In Committee, the Minister said that the judiciary “get it” when it comes to sentencing mothers. I think that this assertion needs testing. In fact, we simply do not know the number of women in prison who are
primary carers, so it is no more than speculation to say that judges “get it” on this issue. If the Minister is basing his assertion on the decline in the number of women in prison, the latest annual prison population projections explain that this recent decline
“is likely driven by a drop in prosecutions and sentencing as a result of the COVID-19 pandemic … lockdowns have affected the mix of cases brought to criminal courts and restricted the courts’ ability to process cases”.
Between 2013 and 2019, the women’s prison population remained relatively consistent. Indeed, the fact that 500 new women’s places are being built is not a sign that women’s prison places are projected to fall.

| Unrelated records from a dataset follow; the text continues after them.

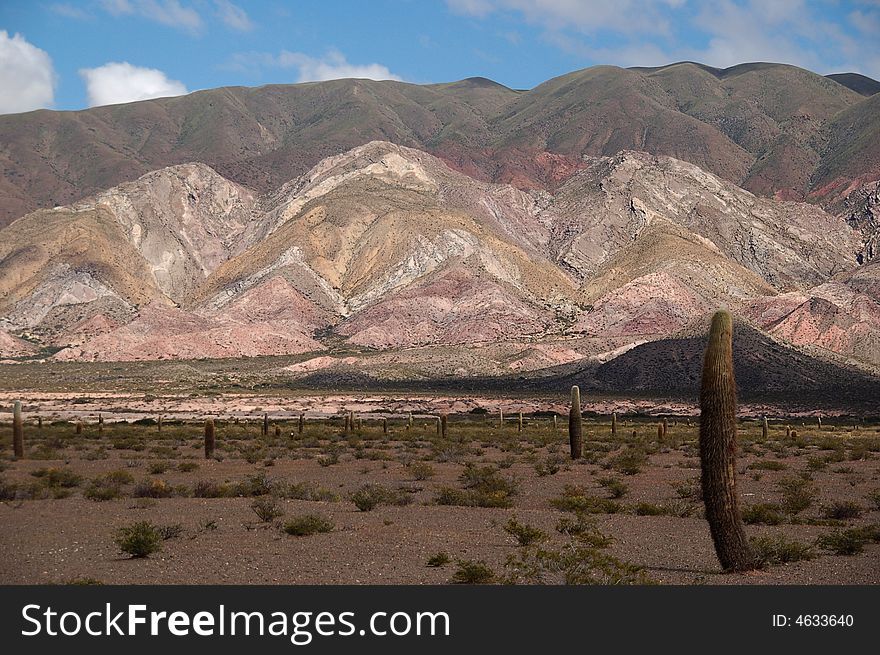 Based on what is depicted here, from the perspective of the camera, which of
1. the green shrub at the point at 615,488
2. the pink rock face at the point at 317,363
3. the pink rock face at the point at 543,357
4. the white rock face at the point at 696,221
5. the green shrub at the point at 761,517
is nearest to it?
the green shrub at the point at 761,517

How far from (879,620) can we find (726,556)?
4647mm

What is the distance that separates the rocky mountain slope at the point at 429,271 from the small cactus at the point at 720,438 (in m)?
82.4

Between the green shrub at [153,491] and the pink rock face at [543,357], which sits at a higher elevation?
the pink rock face at [543,357]

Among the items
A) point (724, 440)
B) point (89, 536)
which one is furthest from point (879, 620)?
point (89, 536)

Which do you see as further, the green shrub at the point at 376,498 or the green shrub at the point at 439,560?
the green shrub at the point at 376,498

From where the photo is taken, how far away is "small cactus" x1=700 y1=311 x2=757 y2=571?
1354 cm

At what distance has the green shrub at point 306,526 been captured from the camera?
1827cm

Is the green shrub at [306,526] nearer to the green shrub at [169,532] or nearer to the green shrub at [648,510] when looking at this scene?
the green shrub at [169,532]

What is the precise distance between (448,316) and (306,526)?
367 ft

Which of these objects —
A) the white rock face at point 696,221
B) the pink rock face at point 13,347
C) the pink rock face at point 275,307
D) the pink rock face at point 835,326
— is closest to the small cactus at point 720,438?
the pink rock face at point 835,326

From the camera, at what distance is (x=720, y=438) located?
1355 centimetres

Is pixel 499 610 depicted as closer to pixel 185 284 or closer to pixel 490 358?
pixel 490 358

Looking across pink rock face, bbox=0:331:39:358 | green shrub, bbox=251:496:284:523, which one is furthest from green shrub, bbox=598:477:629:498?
pink rock face, bbox=0:331:39:358

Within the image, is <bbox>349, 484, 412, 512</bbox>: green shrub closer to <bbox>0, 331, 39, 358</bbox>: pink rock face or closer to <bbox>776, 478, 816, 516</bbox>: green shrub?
<bbox>776, 478, 816, 516</bbox>: green shrub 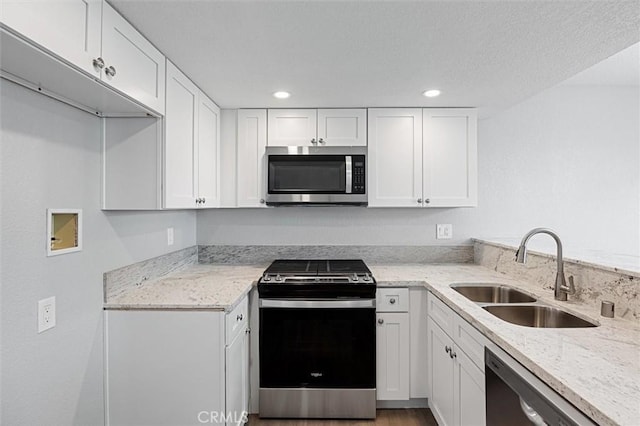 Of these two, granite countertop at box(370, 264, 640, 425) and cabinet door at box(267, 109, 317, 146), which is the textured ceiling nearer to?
cabinet door at box(267, 109, 317, 146)

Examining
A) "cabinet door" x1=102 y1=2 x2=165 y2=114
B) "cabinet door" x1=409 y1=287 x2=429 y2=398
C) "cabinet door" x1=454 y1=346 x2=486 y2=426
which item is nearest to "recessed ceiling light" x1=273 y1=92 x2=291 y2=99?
"cabinet door" x1=102 y1=2 x2=165 y2=114

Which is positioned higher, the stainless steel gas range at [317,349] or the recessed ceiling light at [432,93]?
the recessed ceiling light at [432,93]

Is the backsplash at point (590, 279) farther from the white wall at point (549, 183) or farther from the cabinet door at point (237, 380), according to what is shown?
the cabinet door at point (237, 380)

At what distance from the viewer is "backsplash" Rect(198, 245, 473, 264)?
117 inches

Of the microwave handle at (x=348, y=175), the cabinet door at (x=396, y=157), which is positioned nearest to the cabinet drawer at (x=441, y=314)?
the cabinet door at (x=396, y=157)

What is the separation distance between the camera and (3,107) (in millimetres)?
1157

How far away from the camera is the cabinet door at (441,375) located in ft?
6.12

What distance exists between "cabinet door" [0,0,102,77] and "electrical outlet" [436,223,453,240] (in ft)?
8.58

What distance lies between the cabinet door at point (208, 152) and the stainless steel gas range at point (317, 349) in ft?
2.45

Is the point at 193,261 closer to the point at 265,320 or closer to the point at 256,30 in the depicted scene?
the point at 265,320

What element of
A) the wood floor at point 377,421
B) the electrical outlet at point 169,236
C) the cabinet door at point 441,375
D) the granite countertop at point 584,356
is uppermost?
the electrical outlet at point 169,236

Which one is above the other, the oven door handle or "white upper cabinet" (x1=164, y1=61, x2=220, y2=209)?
"white upper cabinet" (x1=164, y1=61, x2=220, y2=209)

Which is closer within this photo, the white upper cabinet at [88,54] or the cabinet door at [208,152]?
the white upper cabinet at [88,54]

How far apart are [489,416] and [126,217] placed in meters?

Finally, I come to the importance of data. I was really encouraged to read in the recently published White Paper on the prisons strategy that the Government intend to
“begin recording data on prisoners’ family circumstances and caring responsibilities, and conduct analysis to better understand the circumstances and needs of offenders.”
I applaud and welcome this as a step in the right direction. Without data, we are making policy in the dark. I should welcome confirmation from the Minister on the timeline for this. Amendment 88 in this group asks that this data be collected at sentencing, disaggregated by gender, ethnicity, sentence and offender type, and made publicly available. I should welcome further discussions with the Minister to ensure that we are collecting the right type of information.
In conclusion, as a Christian, I believe that each precious and unique child is made in the image of God and must be treated with dignity and respect. I know from the work of charities such as Children Heard and Seen the devastating impact that losing a parent to prison can have on a child of any age. Research from the Prison Reform Trust found that children with a parent in prison felt invisible. We must consider the rights of children to a family life. At the heart of these amendments is not a plea never to send a mother—or, indeed, a father—to prison. Instead, I hope that we might work towards preventing long-term harm for children whose parents have done wrong but for whom a community penalty is more appropriate for both the offender and the children. I look forward to hearing what the Minister has to say. I will be listening carefully but, at this point, I flag that I am minded to test the opinion of the House on the amendment. I beg to move.